• **What you need to do**
Go to the line that contains "Carica l&#39;immagine nel" in the listing below, then output it and every line after it exactly, omitting pictures.
BEGIN Data section
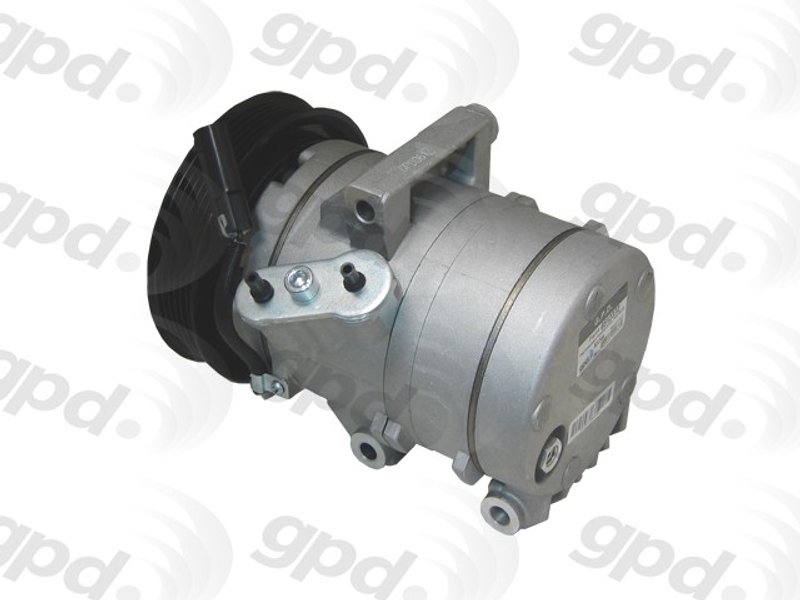 Global Parts 6512372 A/C Compressor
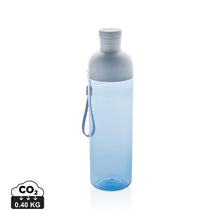 Carica l&#39;immagine nel visualizzatore di Gallery, borracce personalizzate in rpet, polipropilene riciclato colore blu_blu 121715418 DET01
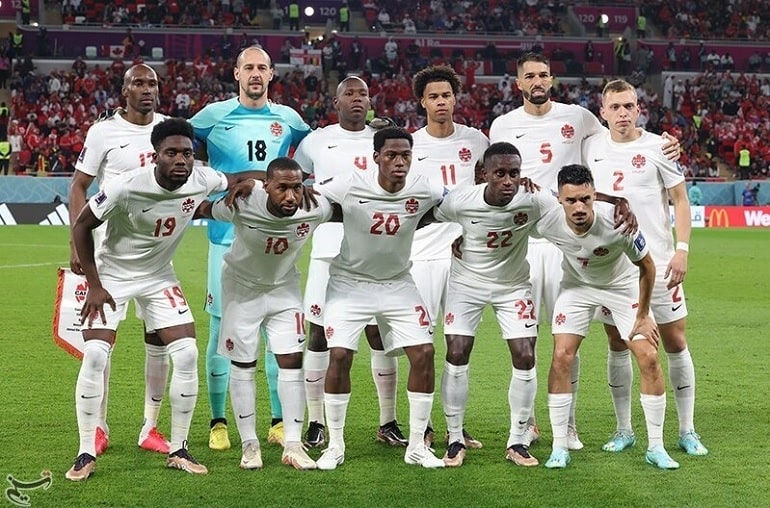 Canada World Cup Team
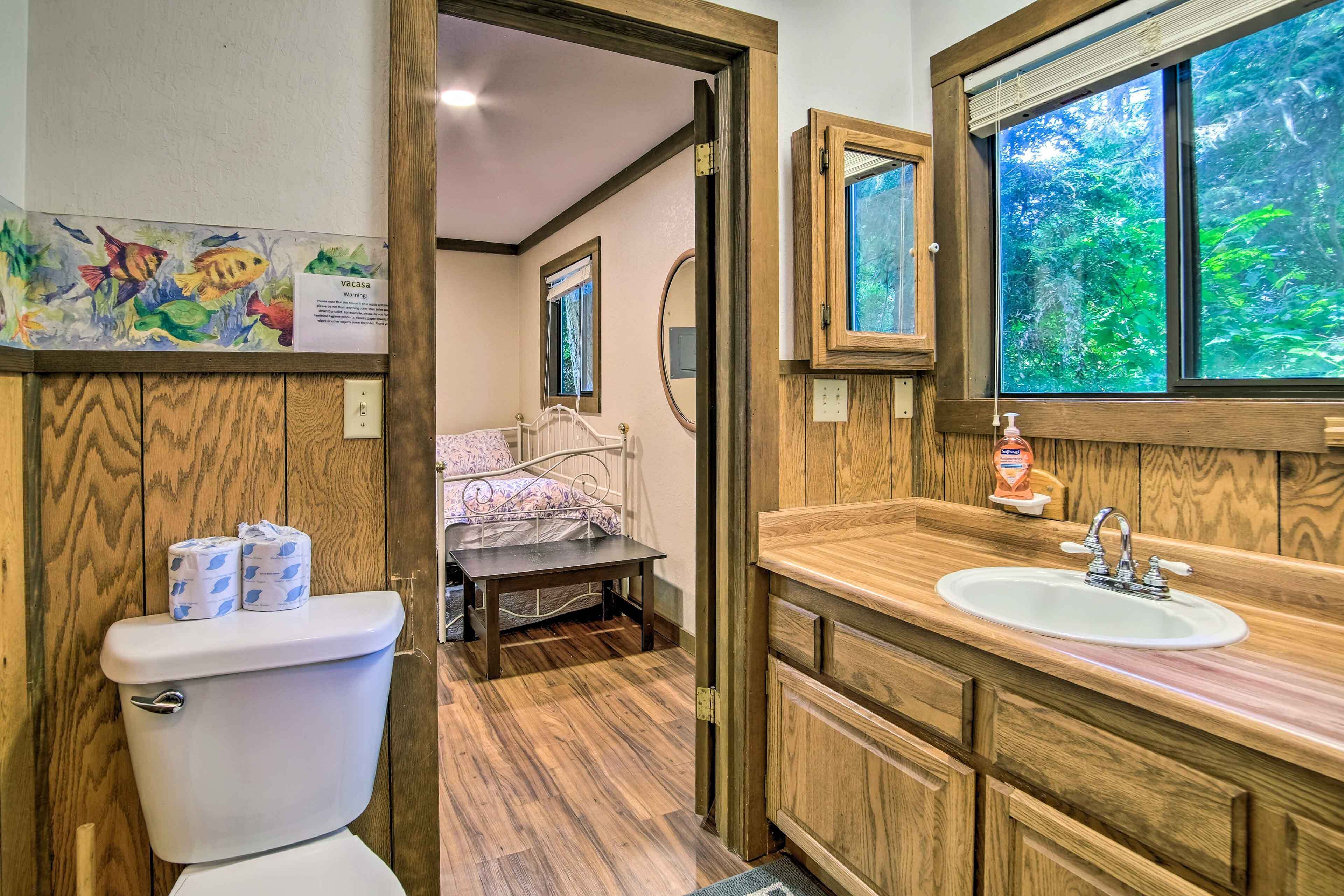 Cottage (2 Bedrooms) | Interior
END Data section
• **Answer area**
 Carica l&#39;immagine nel visualizzatore di Gallery, borracce personalizzate in rpet, polipropilene riciclato colore blu_blu 121715418 DET01
 Canada World Cup Team
 Cottage (2 Bedrooms) | Interior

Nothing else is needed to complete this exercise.